Iraq- What Happens When We Leave?

With some 80% of Americans believing that the country is on the wrong track, the stage has been set for a Democrat to win the White House in 2008. Since both Clinton and Obama have vowed to end the war in Iraq, we have to ask ourselves this question: What will happen in Iraq when the US leaves? There are a few possibilities.

Possibility #1: The Optimist’s View

The optimistic outlook on leaving Iraq states that the source of much (if not most) of the tension in Iraq comes from the continuing presence of US troops. Remove the troops, and you remove the tension. This view on Iraq is favored by many Democrats who advocate for a swift withdrawal. But this outlook is also deeply flawed. If the logic of this stance were true, then violence in Iraq would have spiked when President Bush deployed tens of thousands of additional troops to Iraq in his infamous surge. But, of course, this did not happen. Instead, violence levels dropped substantially as more troops were injected.

Possibility # 2: The Pessimist’s Outlook

The pessimistic view on Iraq is often favored by neoconservatives trying to discourage withdrawal from Iraq. This viewpoint states that if the US were to leave Iraq, complete chaos would grip the country. Iraq’s ability to drill precious oil would be decimated, and Iran would come to dominate the region. The Kurds would secede from the rest of the country, and Turkey would be drawn into a vicious war with Kurdish rebels in its southern provinces seeking to join their independent Iraqi brethren. Jealous Sunni countries would then intervene to help the Sunni minority in Iraq, and a region- wide war between Shiites and Sunnis would ensue. Unlike the optimist’s outlook, this view of withdrawing from Iraq actually has some merit. As Bush himself has pointed out, chaos reigned for a time in Vietnam after the US withdrew. However, it is important to remember that Vietnam eventually stabilized, and had the US prolonged the war in Vietnam, the country would have almost certainly suffered greater devastation.

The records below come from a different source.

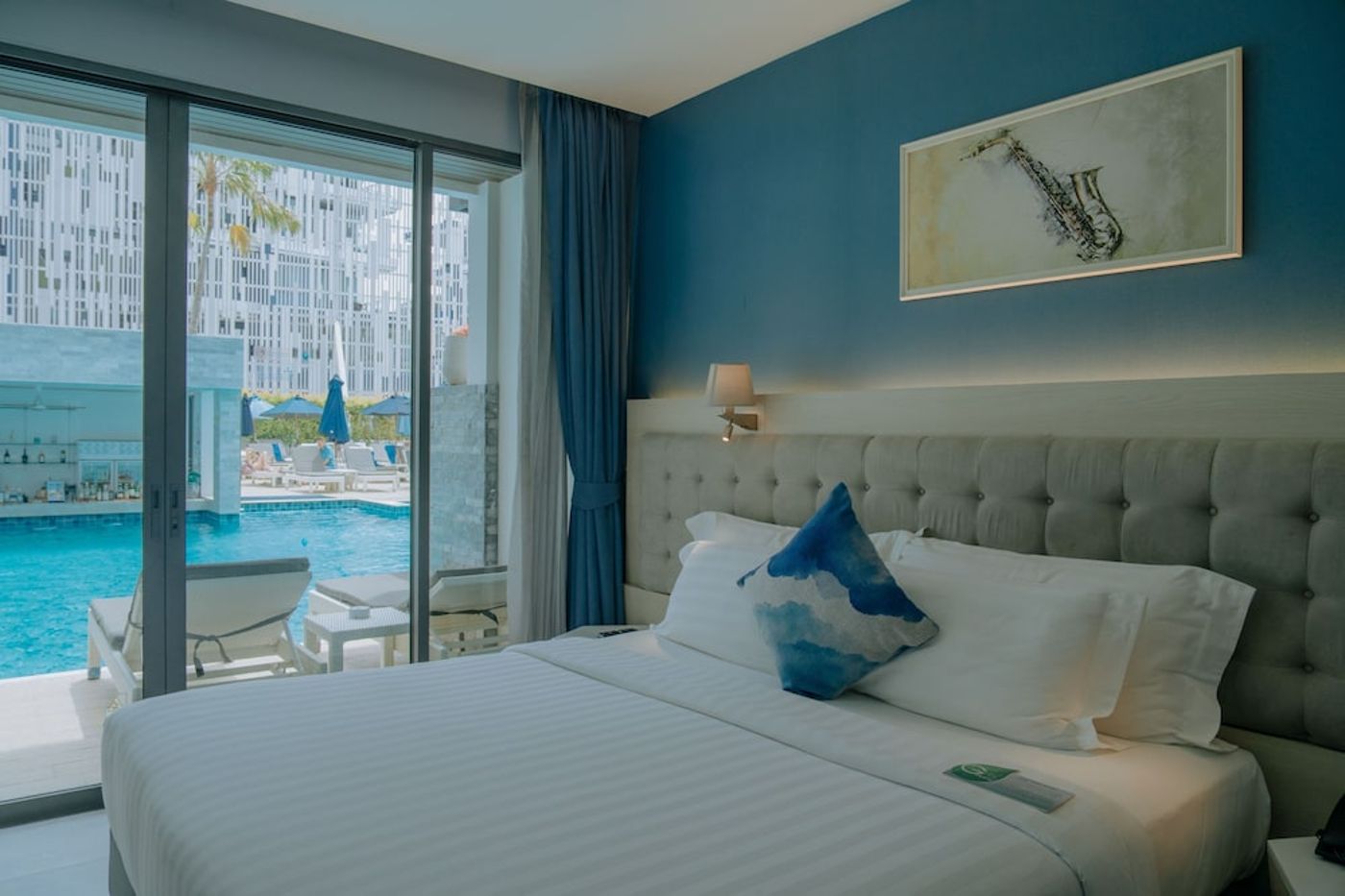 expedia-3166267-23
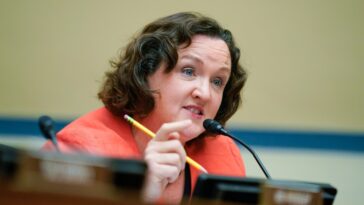 california’s-top-politicians’-secret-yelp-reviews-revealed-—-and-katie-porter’s-are-as-unhinged-as-ever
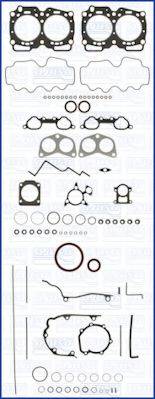 AJUSA 50262000 Комплект прокладок, двигун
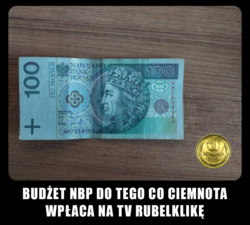 9aac8f58-0ee0-45a9-9a06-e5cf6f4406e9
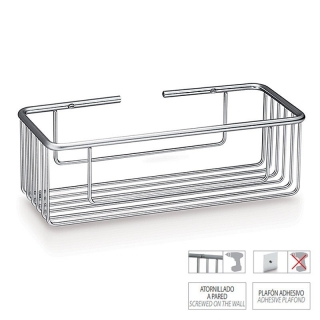 JABONERA  INOX - BELTRAN 3305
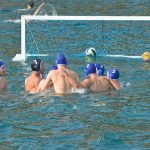 FOTO/VIDEO Kamen mali i Penatur finalisti, (ne)vrijeme odgađa završnicu 14 divlja1 14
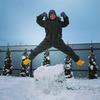 лучшие фото Ксения Новикова лучшие фото Ксения Новикова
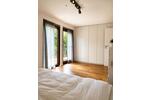 Reihenhaus Künzelsau - 4 Zimmer, 110 m&sup2;, 379.000&euro; | Angebot:27088364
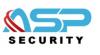 Photo for security services perth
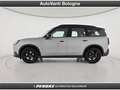 MINI Countryman D Mini D Classic Countryman Grijs - thumbnail 3
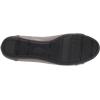 imageAnne Klein Womens Able Ballet FlatGrey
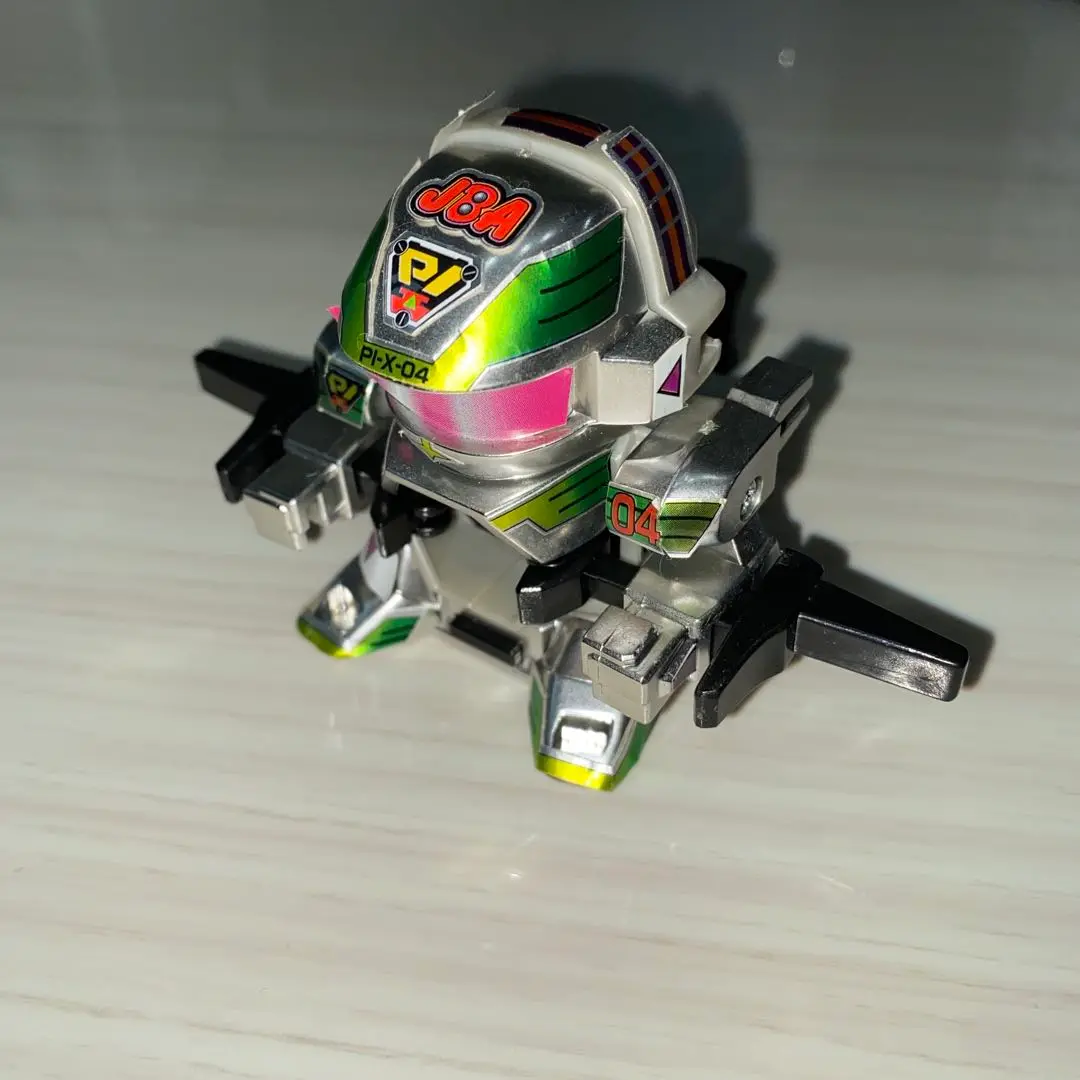 2025年最新】ビーダマン jbaプロトの人気アイテム - メルカリ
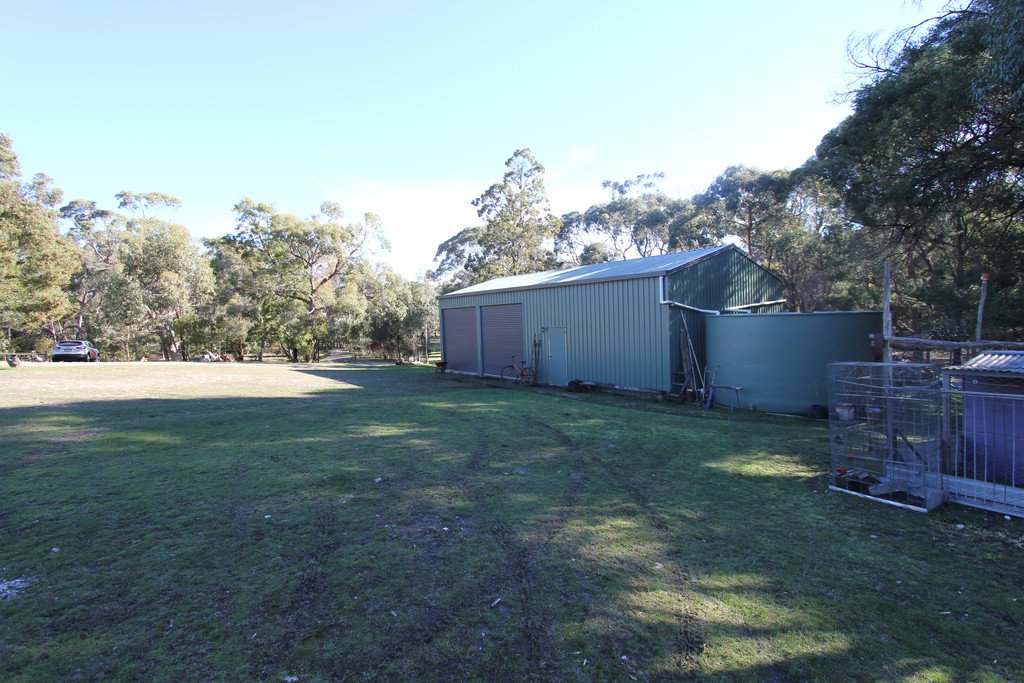 646 Tannery Road SNAKE VALLEY 13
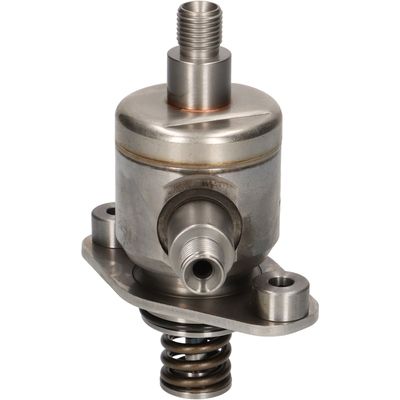 POMPA DE INALTA PRESIUNE PIERBURG 706032510 19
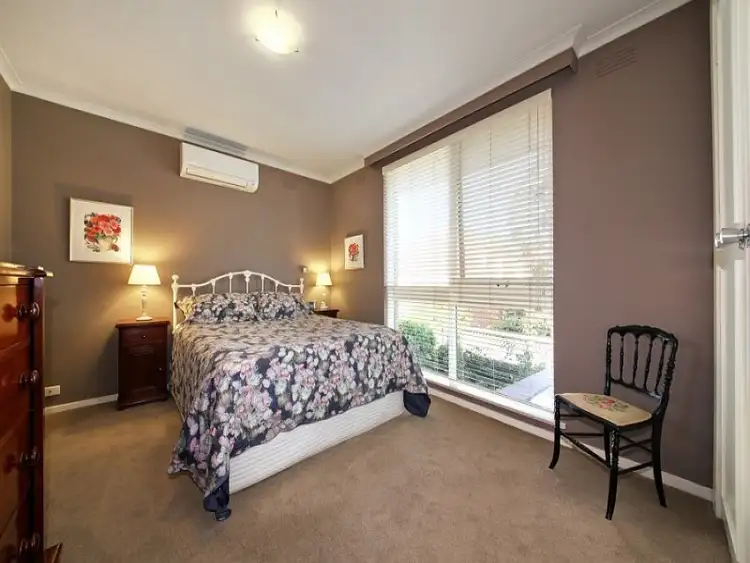 Fifth view of Homely house listing, 2/10-14 St Georges Road, Armadale VIC 3143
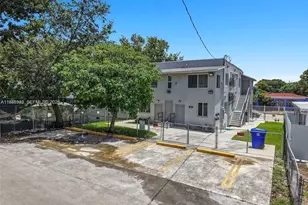 600 NW 25th Ct, Miami, FL 33125 - Photo 15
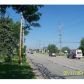 632 W 61st Ave, Merrillville, IN 46410 ID:753492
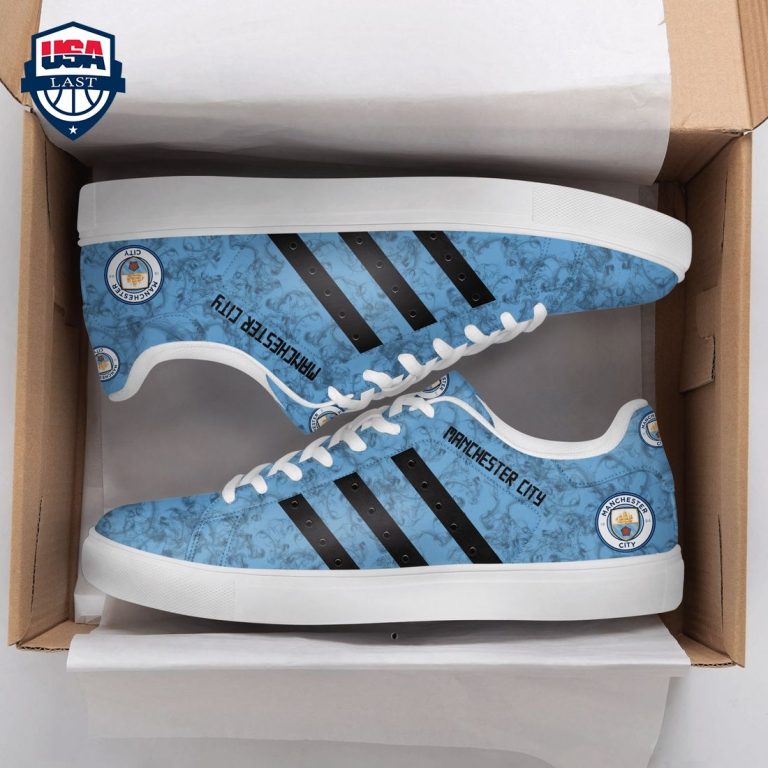 manchester-city-fc-black-stripes-style-2-stan-smith-low-top-shoes-4-0X6zh.jpg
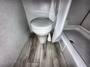 washer-dryer
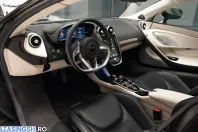 McLaren GT din 2022 cu 9.031 km - oferta MCL226963 - foto 15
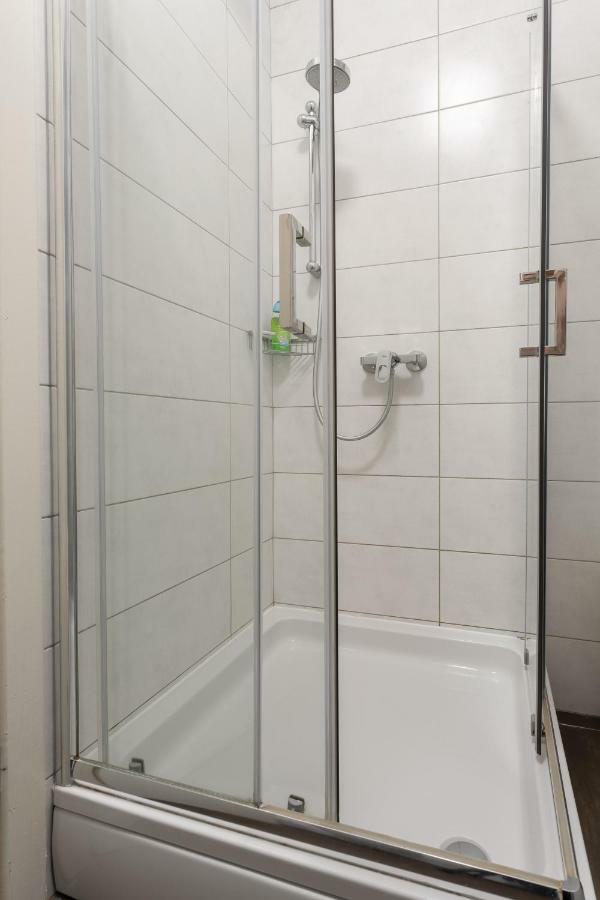 Deluxe Doppelzimmer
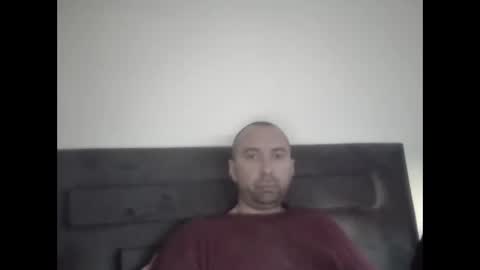 super42835015 online show from September 20, 3:24 pm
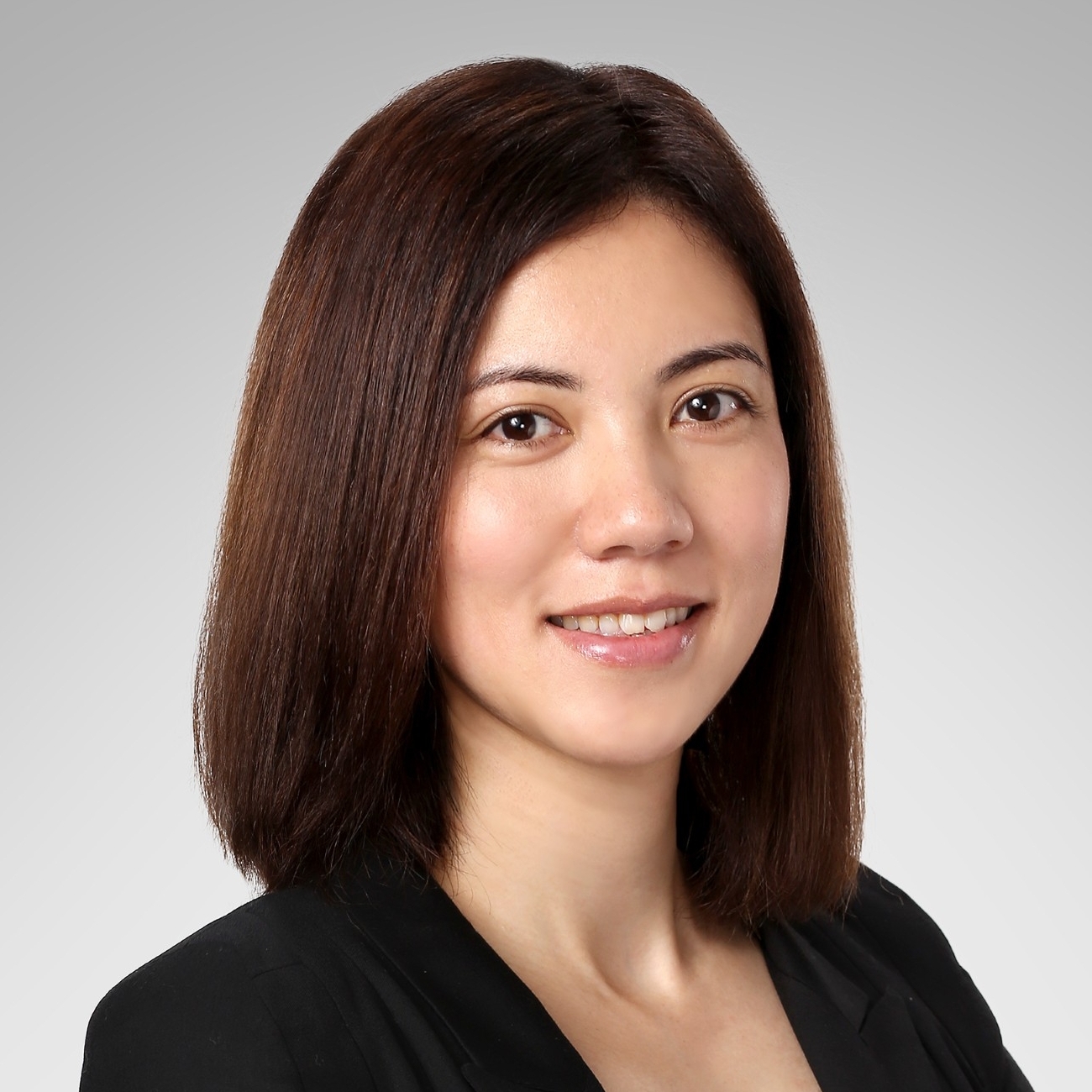 Bonnie Mak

Possibility # 3: The Realist’s Outlook

This final possibility, which I believe has the most merit, is a tempered down version of the pessimist’s outlook. Under this possibility, US withdrawal from Iraq will lead to a full blown civil war, which will probably be won by al-Sadr or another dictatorial figure. Iran will probably increase its influence in Iraq, though it will not be able to completely dominate Iraqi politics. The Kurds may try to secede, but in order to do so, they would need to wrestle precious oil wells in central Iraq away from other factions, while simultaneously dealing with Turkish and American reproach. Considering that significant numbers of US troops are stationed in Kuwait and Saudi Arabia, a regional war that would disrupt oil flow from the Middle East would be unlikely (ie. the Iranians would be unable to seize Sunni oil supplies). To be sure, this outlook is bleak. It means that the US has wasted billions of dollars and thousands of lives on a conflict that only weakened our position in a crucial region of the world. But staying in Iraq longer does not make sense under this scenario, as we will only delay the inevitable. Even if the surge is “working”, our generals on the ground have conceded that a military solution is impossible. With political progress fleeting, the sooner America can extricate itself from Iraq, the better.